Over the past two years, Rajamouli, a director and screenwriter often compared to James Cameron, has become synonymous with epic filmmaking in India. The sequel in his action-adventure Baahubali duology is the biggest blockbuster in India, grossing over ₹14.3 billion (around $184 million), almost thrice the next highest film on the list. While Indian cinema is largely associated with Bollywood in the West, India’s moviegoing audiences are heterogeneous, stratified across innumerous linguistic and cultural groups. Rajamouli, who belongs to the Telugu film industry, colloquially referred to as Tollywood, has become the rare Indian filmmaker to craft the pan-Indian blockbuster. RRR was released in five different language versions in India and became a success in each one of them.

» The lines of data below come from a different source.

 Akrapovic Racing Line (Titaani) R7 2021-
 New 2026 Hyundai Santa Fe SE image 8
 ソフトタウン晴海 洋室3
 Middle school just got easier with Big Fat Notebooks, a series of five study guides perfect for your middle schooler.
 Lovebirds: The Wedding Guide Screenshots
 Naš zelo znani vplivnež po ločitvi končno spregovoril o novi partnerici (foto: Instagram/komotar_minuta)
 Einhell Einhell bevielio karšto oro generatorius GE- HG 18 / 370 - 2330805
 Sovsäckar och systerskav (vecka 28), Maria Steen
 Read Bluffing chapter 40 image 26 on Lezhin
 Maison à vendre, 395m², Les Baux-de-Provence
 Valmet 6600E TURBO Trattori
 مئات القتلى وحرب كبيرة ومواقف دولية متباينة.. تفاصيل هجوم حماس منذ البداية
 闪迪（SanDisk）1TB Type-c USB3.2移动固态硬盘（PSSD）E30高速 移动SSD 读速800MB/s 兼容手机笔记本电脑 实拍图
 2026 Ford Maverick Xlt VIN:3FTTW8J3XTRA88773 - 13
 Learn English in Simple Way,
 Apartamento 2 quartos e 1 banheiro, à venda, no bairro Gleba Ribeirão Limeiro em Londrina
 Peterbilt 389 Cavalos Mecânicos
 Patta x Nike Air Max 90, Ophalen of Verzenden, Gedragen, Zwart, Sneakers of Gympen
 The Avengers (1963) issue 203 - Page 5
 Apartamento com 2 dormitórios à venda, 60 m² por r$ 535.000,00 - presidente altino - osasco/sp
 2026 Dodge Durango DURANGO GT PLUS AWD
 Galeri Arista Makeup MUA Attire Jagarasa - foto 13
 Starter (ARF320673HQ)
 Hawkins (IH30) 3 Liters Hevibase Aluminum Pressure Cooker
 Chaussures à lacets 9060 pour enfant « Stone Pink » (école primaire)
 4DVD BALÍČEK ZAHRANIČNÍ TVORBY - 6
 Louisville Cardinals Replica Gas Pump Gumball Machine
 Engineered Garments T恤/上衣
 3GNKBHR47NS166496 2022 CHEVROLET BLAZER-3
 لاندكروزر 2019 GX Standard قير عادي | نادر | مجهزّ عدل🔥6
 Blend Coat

The frenzy of the mythic and the emotional electrifies every corner of Rajamouli’s works. Heroic, muscular men avenge their dead fathers and are reincarnated as princes, as in Maghadheera, or even flies, like in Eega. The emotional bombast of its world bursts onto the screen through spectacularly colorful sets and masterfully choreographed action sequences. RRR is rousing, exemplifying the pleasures of Telugu blockbusters on steroids. Heroes accomplish acrobatic feats worthy of Olympians. Motorbikes are brandished as weapons. Tigers are fought with bare hands. In the vein of many Indian buddy action films, the muscular heroes save their tenderness and googly eyes for each other. In one fight scene, Ram straddles Bheem’s thigh. RRR doesn’t pass the Bechdel test but I doubt Alison Bechdel accounted for a movie where a man jumps out of a cage with a cadre of wild animals in slow motion onto a crowd of colonial officials.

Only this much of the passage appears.